10In uw leger dienen krijgslieden uit de verafgelegen steden van Perzië, Lydië en Put. Het feit dat hun schilden aan uw muur hangen, is een grote eer voor u. 11Mannen uit Arvad en Chelek staan als wachters op uw muren, uw torens worden bemand door krijgslieden uit Gamad. Hun schilden hangen in rijen aan de muren en maken uw roem volmaakt. 12Vanuit Tarsis worden allerlei rijkdommen op uw markten aangevoerd: zilver, ijzer, tin en lood. 13Kooplieden uit Jawan, Tubal en Mesech voeren slaven en koperen gebruiksvoorwerpen aan 14en uit Bet-Togarma komen tuigpaarden, rijpaarden en muilezels. 15Van Rhodos komen kooplui naar u toe en vele kustlanden hebt u veroverd als afzetgebied, zij betalen u belasting in de vorm van ivoor en ebbenhout. 16Edom stuurt zijn kooplieden om een keus te maken uit de vele producten die u verkoopt. Zij brengen smaragd, purper, geverfde stoffen, borduurwerk, fijn linnen en sieraden van parelmoer en robijn.

17Juda en de steden in het voormalige koninkrijk Israël sturen kooplieden met tarwe uit Minnith, mirre, honing, olie en balsem. 18En ook met Damascus drijft u handel. Zij brengt wijnen uit Chelbon en witte Syrische wol om die te verhandelen in ruil voor de vele goederen die u hebt aan te bieden. 19Wedan en Jawan brengen Arabische breiwol, ijzeren smeedwerk, kassie en kalmoes als handelswaren, 20terwijl Rhodos dure zadeldekens te koop aanbiedt. 21De Arabieren en Kedars rijke handelskoningen brengen u lammeren, rammen en geiten. 22De kooplieden uit Seba en Rama zijn van de partij met allerlei specerijen, edelstenen en goud. 23Ook Haran, Kanneh, Eden, Assur en Kilmad voeren hun waren aan. 24Op uw marktpleinen bieden zij stoffen aan van hoge kwaliteit: dure gewaden, prachtig geborduurde kleden en veelkleurige vloerkleden met kunstig geknoopte koorden. 25De schepen van Tarsis vormen uw zeekaravanen, de opslagplaatsen op uw eiland zijn tot de nok toe gevuld.

26Maar nu laten uw roeiers het schip midden op zee in een storm terechtkomen! Uw machtige vaartuig vecht wanhopig tegen de rukwinden uit het oosten, maar midden op zee gaat u ten onder. 27Alles is verloren.
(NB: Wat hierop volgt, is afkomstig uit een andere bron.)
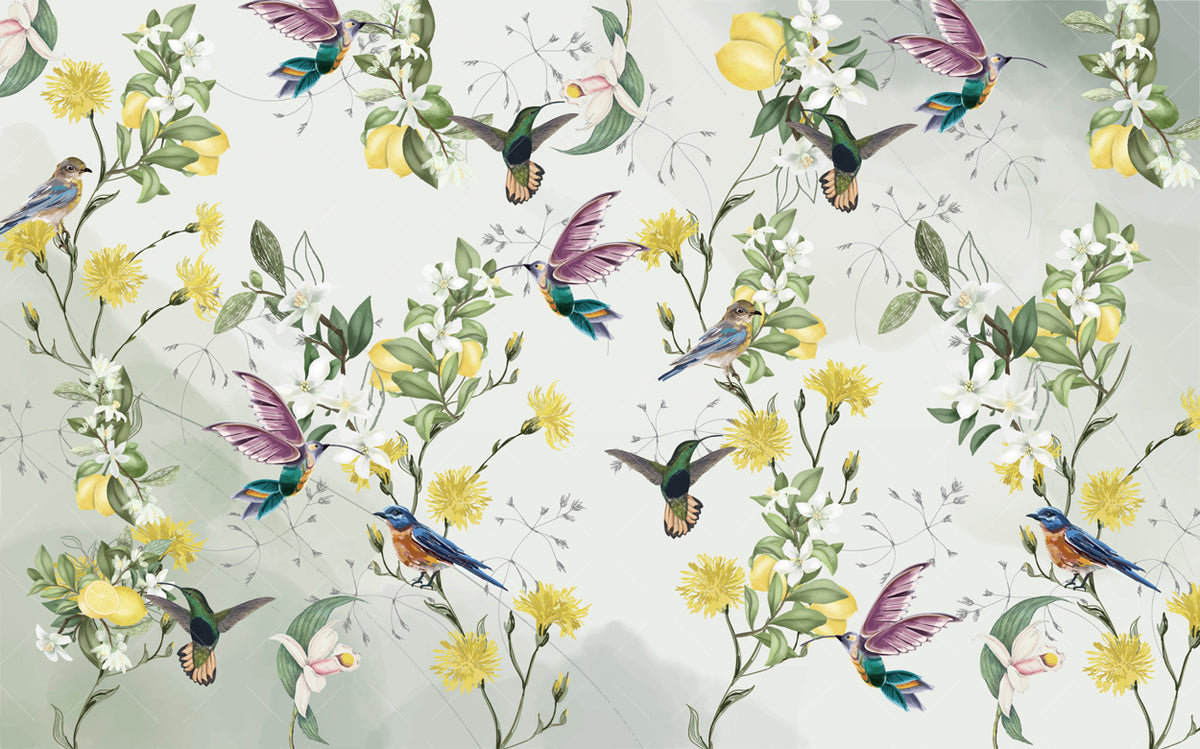 Lemon Tree Hummingbird Wallpaper : Bright Botanical Bird Pattern - View 2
Uw rijkdommen en koopwaren, uw zeelui en uw loodsen, uw scheepsbouwers en kooplieden en soldaten en de hele bemanning zinken in zee weg op de dag van uw ondergang. 28De omringende steden aan de kust beven wanneer zij het vertwijfelde geschreeuw van uw zeelieden horen. 29Al uw zeelui verlaten het schip, gaan aan land en kijken toe. 30Zij huilen bitter om u en gooien stof over hun hoofden en wentelen zich in de as. 31Zij scheren hun hoofd kaal in mateloos verdriet en trekken rouwkleding aan. In diepe rouw en met een gebroken hart huilen zij om u. 32Dit is het klaaglied dat zij zingen: ‘Welke stad ter wereld kon zich meten met Tyrus, de prachtige stad, midden in de zee?’ 33Uw koopwaar ging uit over de zee en voorzag in de behoeften van talloze volken. Koningen overal ter wereld, zelfs in de verste uithoeken, waren opgetogen over de rijkdommen die u hun zond. 34Nu ligt u verwoest onder de golven van de zee, al uw koopwaar en al uw werkers zijn met u verdwenen. 35De inwoners van de landen langs de kust kijken verbijsterd toe. De verwrongen gelaatstrekken van hun koningen laten zien hoe vreselijk bang zij zijn. 36De kooplieden uit de andere landen schudden het hoofd, want uw lot is vreselijk. Voor altijd bent u verdwenen”.’